Whatever the reason, it needs to stop. Things continued to be thrown during the game and there was even a laser pen being used seemingly, none of which does the club any favours and just spoils things for others.
Even if by some weird metric you think it increases Sunderland’s chances of winning, the behaviour in fact ends up costing them - the Lads were halted from taking a corner during one of the few periods where they seemed to be building a bit of momentum and at a time when away fans are already having increased measures imposed on them there are people in the home areas that need to engage their brains as well.
If we get back to actual football now though, there was little there to cheer my mood either. The main reason Tony Mowbray has been able to justify keeping the new lads on the bench until the second half of games is the number of areas in the squad where we are well-stocked with like-for-like options. It has meant things can regularly be freshened up during matches, but after a tough week it seemed as if Sunderland were feeling a bit leggy and disjointed even with the picks that were made.
Few ideas seemed to come off going forward, whilst at the back Patterson had to be on high alert throughout the first half. Time and time again Cardiff seemed to find themselves through on goal, and a more confident side could have easily gone in ahead by the break.
Unable to keep hold of the ball and stem the tide though, Sunderland looked just as uneasy in the second half and I bet the Bluebirds couldn’t believe their luck – desperate for points and in a poor run of form, they were not tested nearly enough.
It surprises me because so far this season the Lads have done quite well in games where the expectation was high.
Most of the other teams to beat us have been up amongst the stronger sides of the division, and even then, they had to work extremely hard for it, but that wasn’t the case on Saturday – not that the players need me to tell them this.
You could tell by the fractious end how frustrated they were and signing off at home ahead of the World Cup in such a manner will sting.
The break seems to have been looming for some time and is nearly upon us now. It is not something I have been looking to, but it does offer the chance to take stock and maybe does come at the right time after all. The performance could have been very different had one or two others been available, and for the first time in a while it all appeared to be a bit flat; the possession enjoyed in the second half didn’t translate into enough meaningful attacks, and too many players had uncharacteristic off days.
There is of course a lot to be positive about regarding how the team has started life back in the Championship, and we are all aware that the season is going to have its up days and down days. Huddersfield Town was one of those ups, and Cardiff City was undoubtedly one of those that wasn’t – I mention the Huddersfield game though because the clean sheet secured that night was Sunderland’s sixth of the campaign, the same amount as was earned across the full season the last time we were at this level.
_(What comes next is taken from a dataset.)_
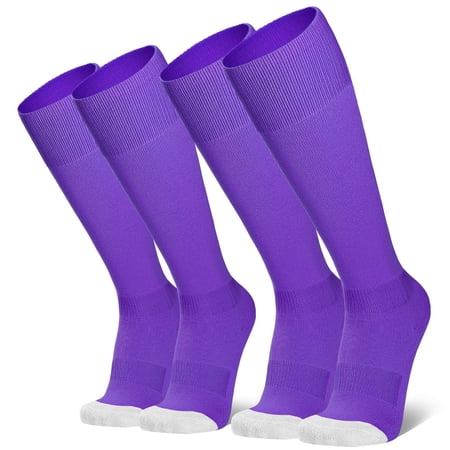 SUOSDEY Baseball Softball Compression Socks Knee-High Soccer Socks for Kids Youth Adult 2 Pairs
It is clear that we are already miles ahead of that 2017-18 effort in pretty much every respect, but one aspect that does share a similarity is the split between home and away form. Once again we are doing better on the road than we are at the Stadium of Light, and whilst that record is skewed slightly by the Millwall postponement it is still a little perplexing; I would have expected us to have picked up a few more points on Wearside, so a week off and then a trip to Birmingham City might not be a bad thing.
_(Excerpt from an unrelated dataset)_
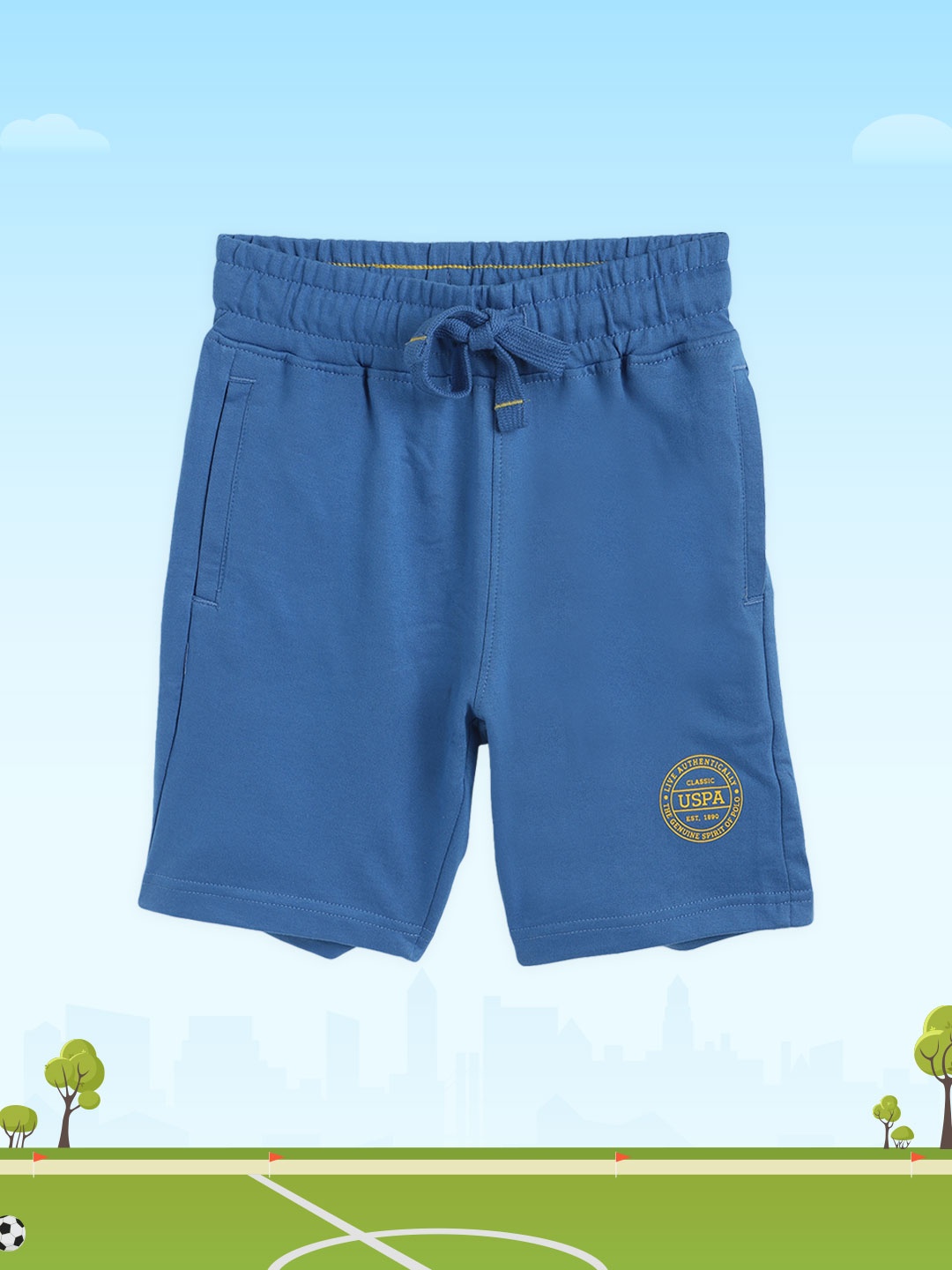 

U.S. Polo Assn. Kids Boys Blue Cotton Solid Lounge Shorts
Regardless of what happens in the second city during our final pre-World Cup game though I think Sunderland will be set for a strong return come December. If we ignore the standard of officiating, most of the negatives we have encountered can be explained by two main factors – a shocking run of injuries and the whole Alex Neil saga. We’ve had to make do without some important and talented players, and to transition under Tony Mowbray so seamlessly in those circumstances is encouraging. It is easy to forget as well sometimes that we have a new head coach that is still to spend any real length of time with his men, and the World Cup will allow him a real go at that.
Stopping for an international tournament means that the injury list will impact fewer games than it would normally. It also gives the chance of players like Dennis Cirkin, Ellis Simms and Patrick Roberts the chance to wrap up their rehabilitation after being dropped back into the thick of the slog of fixtures. Get some more bodies back and allow the staff to work with the team and I think we will be just fine. The Cardiff match was miserable both on and off the field, and I’m not feeling best pleased with some sections of our support, but all is not lost – the squad has it in them to keep improving, and the good in Sunderland’s fan base will always come through.
My Man of the Match: Anthony Patterson – had less and less to do as the game wore on, but his superb penalty save and general play in first half kept Sunderland in it. He is well ahead of what you would expect from a keeper of his age and experience right now.